● Provided information:

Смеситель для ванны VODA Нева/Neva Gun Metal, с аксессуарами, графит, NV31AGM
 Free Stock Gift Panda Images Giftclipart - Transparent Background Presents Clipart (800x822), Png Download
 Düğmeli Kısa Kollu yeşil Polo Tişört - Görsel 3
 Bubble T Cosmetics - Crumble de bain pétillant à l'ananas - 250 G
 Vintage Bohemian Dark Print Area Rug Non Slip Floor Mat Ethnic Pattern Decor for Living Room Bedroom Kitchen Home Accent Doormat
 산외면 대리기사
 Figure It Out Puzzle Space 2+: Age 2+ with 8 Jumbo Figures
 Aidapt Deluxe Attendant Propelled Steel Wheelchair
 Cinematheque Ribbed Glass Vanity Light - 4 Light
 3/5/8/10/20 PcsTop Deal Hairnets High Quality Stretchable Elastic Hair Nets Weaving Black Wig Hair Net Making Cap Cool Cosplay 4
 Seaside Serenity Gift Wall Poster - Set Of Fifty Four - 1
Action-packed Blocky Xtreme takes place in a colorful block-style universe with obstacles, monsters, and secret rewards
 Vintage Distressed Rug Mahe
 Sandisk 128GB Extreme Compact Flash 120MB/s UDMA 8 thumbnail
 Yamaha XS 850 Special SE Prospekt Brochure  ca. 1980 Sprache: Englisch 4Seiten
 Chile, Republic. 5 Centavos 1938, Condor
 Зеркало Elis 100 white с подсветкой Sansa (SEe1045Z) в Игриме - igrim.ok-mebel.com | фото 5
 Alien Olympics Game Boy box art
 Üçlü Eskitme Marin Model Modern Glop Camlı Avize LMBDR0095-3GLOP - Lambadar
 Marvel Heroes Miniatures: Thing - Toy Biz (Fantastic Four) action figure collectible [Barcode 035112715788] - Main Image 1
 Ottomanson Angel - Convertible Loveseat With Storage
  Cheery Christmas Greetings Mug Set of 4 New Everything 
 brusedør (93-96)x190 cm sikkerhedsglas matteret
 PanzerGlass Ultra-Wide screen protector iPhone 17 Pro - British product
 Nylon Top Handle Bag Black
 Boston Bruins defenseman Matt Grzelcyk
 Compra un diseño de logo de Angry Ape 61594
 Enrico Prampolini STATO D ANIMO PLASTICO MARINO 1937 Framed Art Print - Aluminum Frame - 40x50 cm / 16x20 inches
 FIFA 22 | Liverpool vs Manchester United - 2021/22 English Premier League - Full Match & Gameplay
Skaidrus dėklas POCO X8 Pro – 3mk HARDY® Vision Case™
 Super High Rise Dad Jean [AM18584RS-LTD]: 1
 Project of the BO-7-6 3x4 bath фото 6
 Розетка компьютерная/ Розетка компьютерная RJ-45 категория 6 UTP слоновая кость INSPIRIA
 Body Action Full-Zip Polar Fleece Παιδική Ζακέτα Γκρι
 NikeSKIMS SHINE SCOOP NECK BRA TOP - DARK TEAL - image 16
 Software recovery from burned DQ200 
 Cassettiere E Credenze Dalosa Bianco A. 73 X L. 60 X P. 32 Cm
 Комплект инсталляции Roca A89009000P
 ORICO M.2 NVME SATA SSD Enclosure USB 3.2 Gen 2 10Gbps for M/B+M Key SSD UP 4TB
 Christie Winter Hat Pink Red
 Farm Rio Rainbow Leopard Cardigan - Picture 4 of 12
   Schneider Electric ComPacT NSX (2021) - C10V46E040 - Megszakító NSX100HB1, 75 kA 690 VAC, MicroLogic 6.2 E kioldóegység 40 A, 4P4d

● About this exercise: Could you find each line in the entries that contains the string "фото" and copy it?

● Answer to this exercise:
 Зеркало Elis 100 white с подсветкой Sansa (SEe1045Z) в Игриме - igrim.ok-mebel.com | фото 5
 Project of the BO-7-6 3x4 bath фото 6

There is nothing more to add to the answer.